Again, I didn't say that Xd has ''absolute superiority over anything else". I said that it does many things better than virtually any passive speaker I have ever seen measured. This is factual, not hyperbole. That does not make it 'better' subjectively or objectively as it doesn't do *everything* better. However, it points out the flaws in current passive speaker design very nicely. I expect these kinds of asymmetrical arguments from others, but not you.
post #144 of 481
Thread Starter 
Quote:
Originally Posted by FrantzM View Post

Good they are! Perfect they aren't.. Wilson X-2 Territory? Not on this planet!

Again, I never said they were perfect. Nor have I ever said that anybody would absolutely prefer them over X2s, though i imagine somebody might, including probably me. But they will absolutely do some things better than X2s. Vertical dispersion, for instance. Horizontal dispersion. Measured FR accuracy. X2s will likely play louder with lower motor distortion. That is not hyperbole, it is factual and predictable.

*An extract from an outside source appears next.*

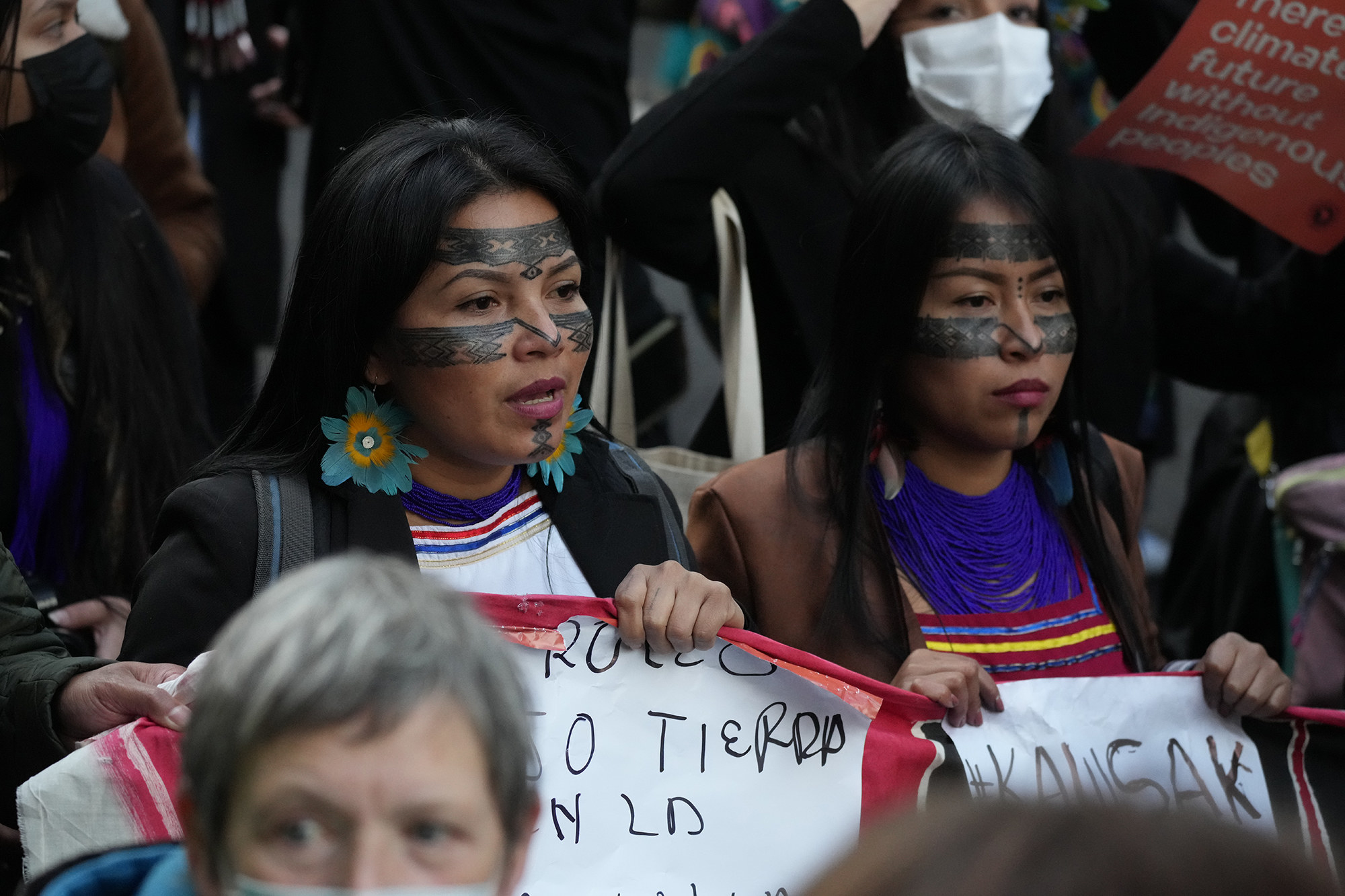 Two Indigenous women hold signs and wear face paint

Even if the X2 sounds subjectively better to most people, does it, in fact, make sense to spend 20 times as much for a speaker that is measurable inferior in many ways? In this day and age, I think we would both say it does not. Not when we can see what $3300 in processing and amplification does for $2700 worth of speakers.
post #145 of 481
Quote:
Originally Posted by Alimentall View Post

I NHT and others have found that the steeper crossovers fix more subjective and objective problems than they create.

John,

NHT may have concluded that - but that is NOT the conclusion of Keith Howard and
Leo Spiegel, the chief designer for the original Apogee speakers:

http://www.apogeespeakers.com/leo_spiegel_interview.htm

Leo Spiegel states that they tried steep crossovers when designing the Apogee Stage;
and found that the drivers in this two-way unit didn't integrate. He stated that when
steep crossovers were employed, one could hear the two drivers distinctly instead of
the desired effect of having a seemless whole.

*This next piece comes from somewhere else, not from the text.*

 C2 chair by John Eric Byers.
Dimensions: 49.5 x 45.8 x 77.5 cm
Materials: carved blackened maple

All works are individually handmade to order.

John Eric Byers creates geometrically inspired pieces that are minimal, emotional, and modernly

Leo Spiegel used a lower order, more gradual crossover to "blend" the output of the
drivers over the crossover range.

Theoretically, one would expect a more seamless transition in such an approach. If
you suddenly switch from a large driver to a smaller driver - which is what a steep
crossover does - for nearly the same frequency; you shift from one size "antenna"
[driver] to another. You have a sudden shift in radiation pattern - the larger driver
has a narrower dispersion since it is closer to the beaming limit, where as the small
driver is more isotropic.

The only problem the steep crossover really solves is the designer's problem of doing
what Leo Spiegel does and blend the driver output in the crossover regime. The steep
crossover decouples the crossover problem and makes the DESIGNER's job easier
by not having to blend together the output of two drivers as does Spiegel.

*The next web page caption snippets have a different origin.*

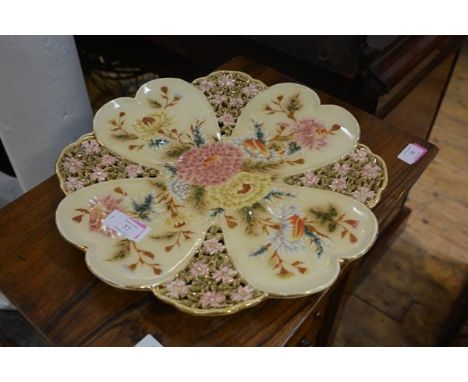 A Hungarian Zsolnay Pecs porcelain charger, c. 1900, reticulated and moulded, painted with floral sprays and highlighted with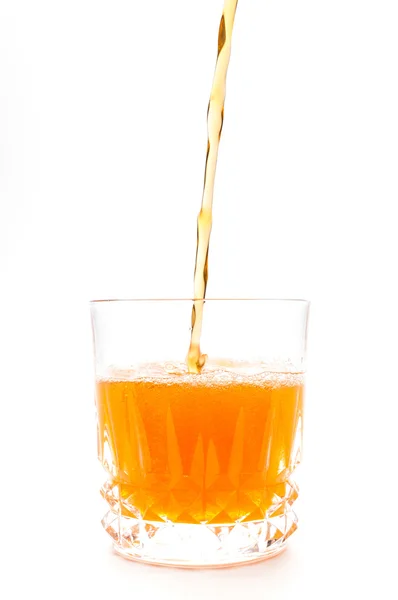 Jus d'orange in de geïsoleerd glas — Stockfoto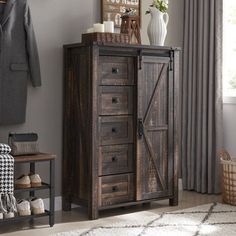 a wooden cabinet sitting in front of a window next to a rug and coat rack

However, the price of making the designer's life easier is paid by the end user in a
poorer quality listening experience.
post #146 of 481
Quote:
Originally Posted by Alimentall View Post

Adoes it, in fact, make sense to spend 20 times as much for a speaker that is measurable inferior in many ways?

If the speakers which are "measurably inferior"in the few aspects of speakers that are actually measured sound better, yes. Measurements do not tell the entire story.
post #147 of 481
Thread Starter 
Quote:
Originally Posted by Morbius View Post

John,

NHT may have concluded that - but that is NOT the conclusion of Keith Howard and
Leo Spiegel, the chief designer for the original Apogee speakers:

http://www.apogeespeakers.com/leo_spiegel_interview.htm

Leo Spiegel states that they tried steep crossovers when designing the Apogee Stage;
and found that the drivers in this two-way unit didn't integrate. He stated that when
steep crossovers were employed, one could hear the two drivers distinctly instead of
the desired effect of having a seemless whole.

Leo Spiegel used a lower order, more gradual crossover to "blend" the output of the
drivers over the crossover range.

Theoretically, one would expect a more seamless transition in such an approach. If
you suddenly switch from a large driver to a smaller driver - which is what a steep
crossover does - for nearly the same frequency; you shift from one size "antenna"
[driver] to another. You have a sudden shift in radiation pattern - the larger driver
has a narrower dispersion since it is closer to the beaming limit, where as the small
driver is more isotropic.

The only problem the steep crossover really solves is the designer's problem of doing
what Leo Spiegel does and blend the driver output in the crossover regime. The steep
crossover decouples the crossover problem and makes the DESIGNER's job easier
by not having to blend together the output of two drivers as does Spiegel.

However, the price of making the designer's life easier is paid by the end user in a
poorer quality listening experience.

Exactly. Because Apogee doesn't use pistonic drivers. They have distinct coloration that MUST be blended in order to prevent the drivers from being audible as distinct entities. But if you use drivers operating pistonically in the used range, then you can pass from one to another steeply without audible seams. Apogees and other ribbons sound nice in a euphonic way but are increasingly irrelevant. I have not liked the sound of ribbons in conjunction with DEQX ever time I have heard it. But pistonic drivers are an entirely different story.
post #148 of 481
Thread Starter 
Quote:
Originally Posted by faberryman View Post

If the speakers which are "measurably inferior"in the few aspects of speakers that are actually measured sound better, yes. Measurements do not tell the entire story.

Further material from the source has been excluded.